I know it’s been said before, but our long national nightmare is over…unless, of course, you live in Oklahoma.
While the more austere of us will be celebrating this new era of hope, in many of the rolling hills and lumbering yards of the more plentiful homes of Oklahoma, various politicians (and political hangers-on, natch) will be angrily watching the filmed celebration to the true democracy of America, their nails slowly digging into their hands as Biden takes his oath.
Of they’ll be watching Duck Dynasty. One of the two.
Though I have no psychic powers to speak of—believe me, I checked—I still would like to offer a possible look into the lives of those Oklahoma politicians that have erred on the side of Trump, particularly this morning; maybe we’ll be able to get an inside view into just how bad their day is going and, quite possibly, the rest of their year.
Rep. Markwayne Mullin
Though fuming at the Lost Ogle for consistently mocking his hiding skills during the recent almost-takeover of the U.S. Capitol, thankfully, now he’s even angrier that Biden is totally in charge. Sitting in his underwear while in front of his television, drinking his bargain-basement version of Jim Beam, as Biden repeats those sacred words to take over the office, Mullin’s hand crushes the glass tumbler. He looks at the blood and smiles.
Sen.
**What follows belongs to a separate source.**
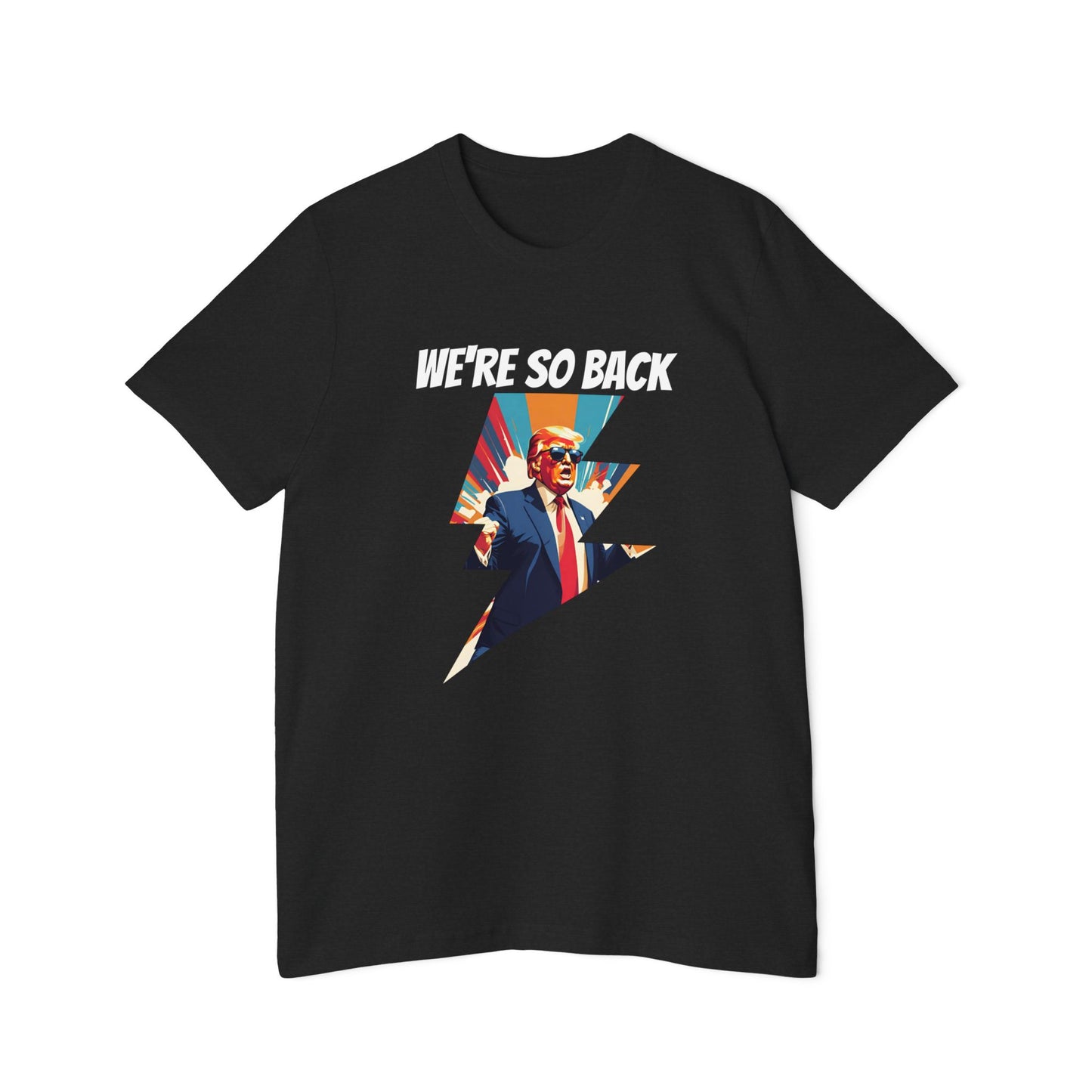 Black T-shirt featuring a dynamic graphic design with a stylized image of Donald Trump in a suit and red tie, standing with his arms outstretched. Above the image, the text reads 'WE'RE SO BACK' in bold white letters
James Lankford
He came out of this recent attempted government takeover like a cartoonish crybaby, which says a lot about how confident he is in his beliefs—all of them. As he sits in the dark and questions his version of God and his plans for a paler, skeletal America, a plume of smoke and an aroma of brimstone appears behind him; a darkened figure offers him a bargain.
Rep. Tom Cole
Cole curls his twisted lip into a sanctified smirk, laughing quietly to himself. But, as Biden takes the stage and recites the reverential presidential oath, those selfish guffaws become a storm of bloody tears dripping from his eyes as steam rises from his palms, a screaming visage of humanity. Meanwhile, in his attic, an old painting begins to hiss and smolder.
Rep. Stephanie Bice
Although she was stopped by those “meddling kids” as she attempted to haunt the old amusement park, as the wicked Bice drops bits of newt eyes and worm toes into a boiling pot. After reciting the ancient text from a demonic tome, she smiles wickedly at the television set when Biden is transformed into the President. In the kitchen, her husband mindlessly makes another sandwich.
Sen. Jim Inhofe
He pissed his pants. But only because he’s old.